A mano a mano che trascorrono i giorni con un pessimo sonno notturno, di giorno si diventa sempre più stanchi e meno attenti. Tutto va a scapito della propria resa nelle attività. Ci sono meno energie, si diventa dispersivi sul lavoro e nello studio e aumenta il rischio di incidenti. Non solo. Dormire poco può far saltare gli equilibri del metabolismo.

Ecco gli 8 motivi per cui si dorme poco o male e che quindi ci provocano stress e ansia.
1. Per problemi di soldi: i pensieri sui conti da pagare, sulle entrate economiche che scarseggiano, possono scatenare forti stati d’ansia.
2. Per lo stress da lavoro: l’eccesso di attività lavorativa sollecita esageratamente le strutture del sistema nervoso e causa uno stato di vera e propria fibrillazione cerebrale.
3. Per complessi sul proprio stato fisico: si tratta d uno stato d’animo delicato, soprattutto nel caso di un adolescente, dal momento che il passo è breve per scivolare in una forma di depressione.

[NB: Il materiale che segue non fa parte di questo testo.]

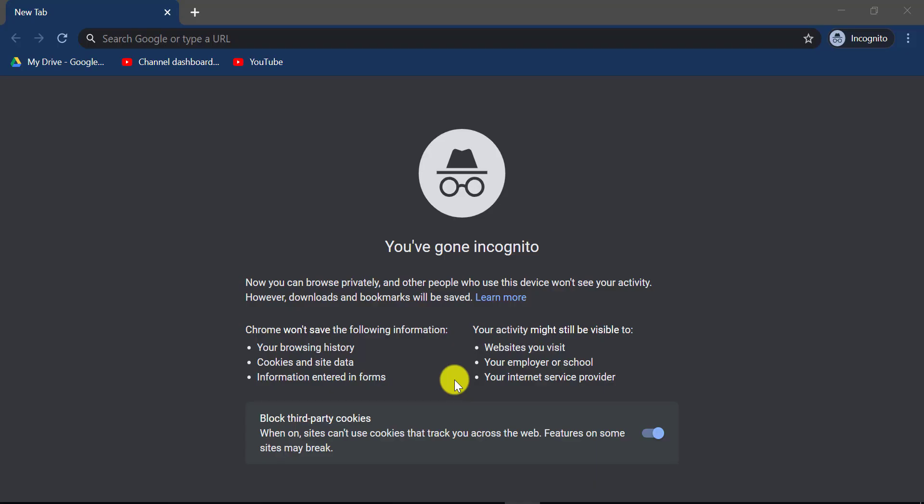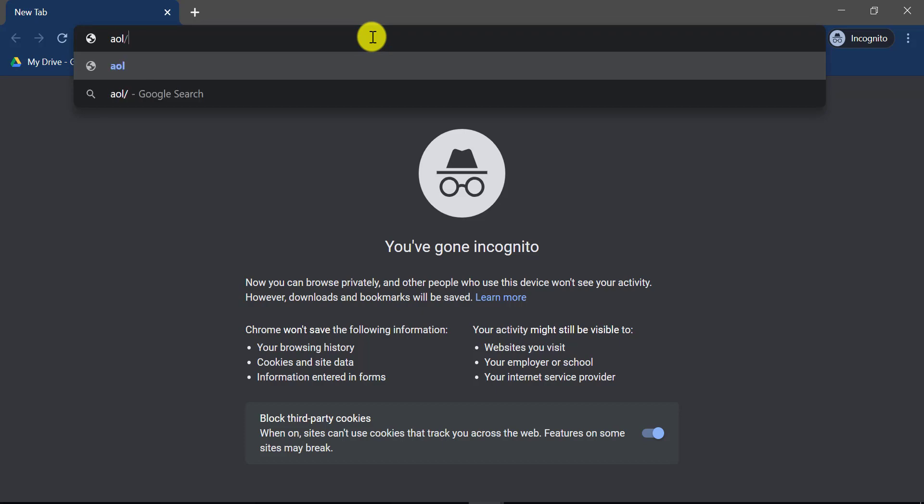First of all, go to any web browser on your mobile device or your desktop and in the web address bar, type in AOL.com and hit enter.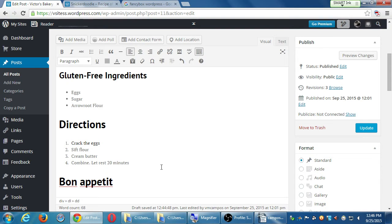Regarding the hover title issue: you should be editing the Title field, not the Caption. The caption appears below the picture; the title is what should appear when you hover. If it's not showing correctly, check the title attribute.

4. Per rumori molesti: soprattutto nei mesi caldi, la presenza dei rumori esterni sale ai primissimi posti nella hit parade delle cause che non fanno dormire.
5. Per questioni familiari: dall’andamento scolastico dei figli alla salute di un genitore anziano. Le questioni familiari che tolgono il sonno sono molte.

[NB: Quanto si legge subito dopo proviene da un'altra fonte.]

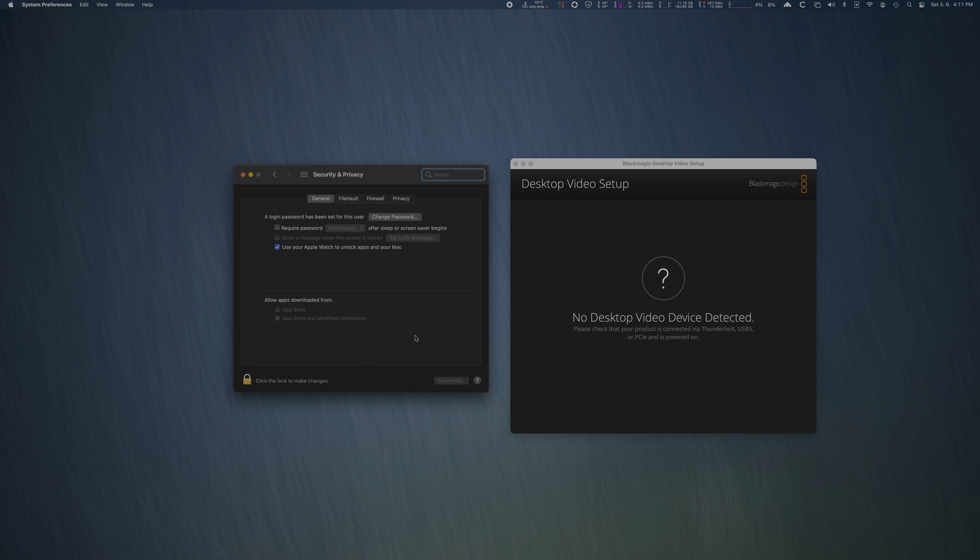I'm on the latest macOS Big Sur 11.4 and I uninstalled the old Desktop Video app, then installed version 12, which was the newest one at the time of shooting this video. The app is installed and running, but it can't see any Blackmagic Decklink card at all. And as you can see here, I've already granted all permissions to this app, so it's not listed in the permissions prompt anymore.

6. Per liti con il partner: le continue discussioni provocano uno stato di tensione a livello muscolare. Inoltre, possono far crescere il livello di cortisolo, il cosiddetto ormone dello stress, che impedisce un giusto sonno.
7. Per difficoltà relazionali: sono problemi molto diffusi, legati al timore di apparire imbarazzati davanti alla gente oppure di arrossire, o di balbettare. Di notte poi si ripassano mentalmente i fatti e ci si rimprovera di non esserci comportati come gli altri.
8. Perché si guarda la tv fino a notte fonda: la camera da letto deve essere utilizzata soltanto per il riposo. Non bisogna trasformarla in un luogo dove gestire le attività tipiche dei momenti di veglia, come guardare la tv, parlare al telefono, chattare al computer.